Since the listing below shows pictures, leave them out and write out exactly the lines from the line with "Aria Cove Mesh" to the line with "Topshop Blue Ribbed", both included, and no others.

EXCERPTED RECORDS.
---+---

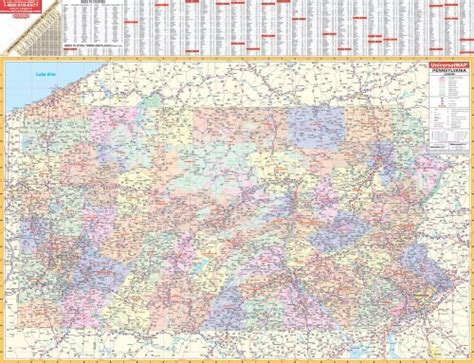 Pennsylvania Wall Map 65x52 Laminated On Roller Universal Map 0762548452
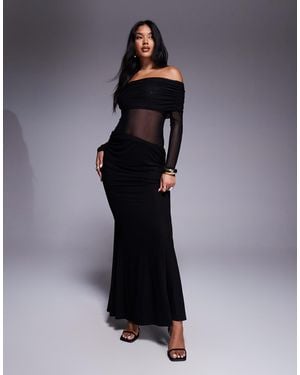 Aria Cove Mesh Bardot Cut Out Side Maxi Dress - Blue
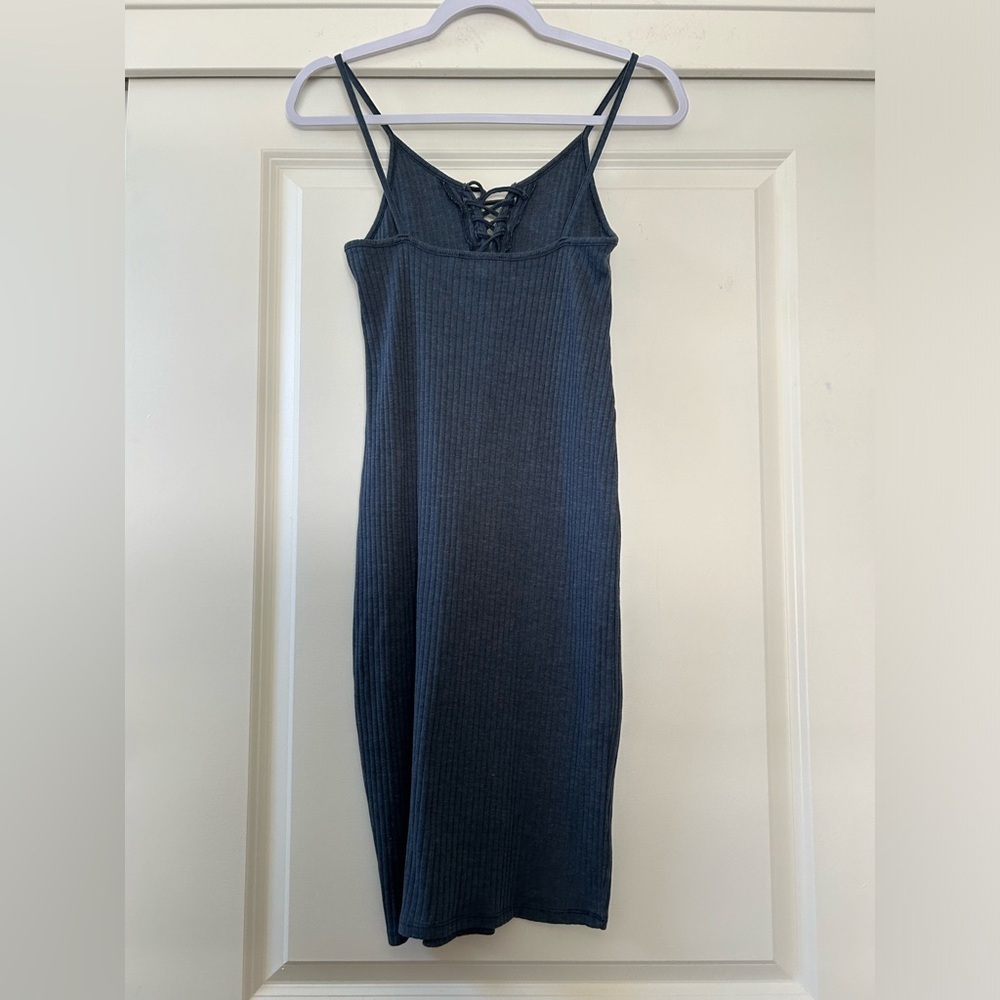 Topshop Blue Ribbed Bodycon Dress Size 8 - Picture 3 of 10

---+---

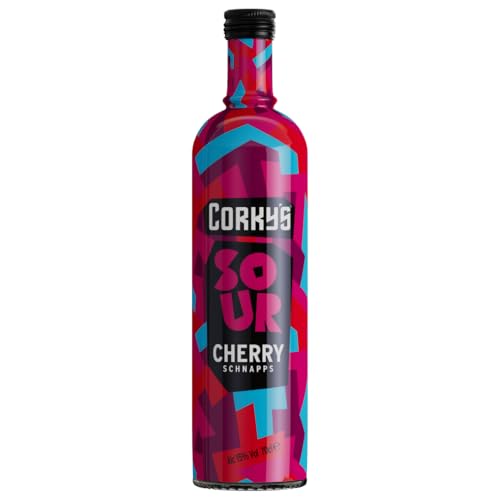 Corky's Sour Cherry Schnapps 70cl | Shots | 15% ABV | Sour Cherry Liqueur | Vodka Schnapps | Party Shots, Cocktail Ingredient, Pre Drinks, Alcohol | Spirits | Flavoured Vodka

---+---

ANSWER AREA.
 Aria Cove Mesh Bardot Cut Out Side Maxi Dress - Blue
 Topshop Blue Ribbed Bodycon Dress Size 8 - Picture 3 of 10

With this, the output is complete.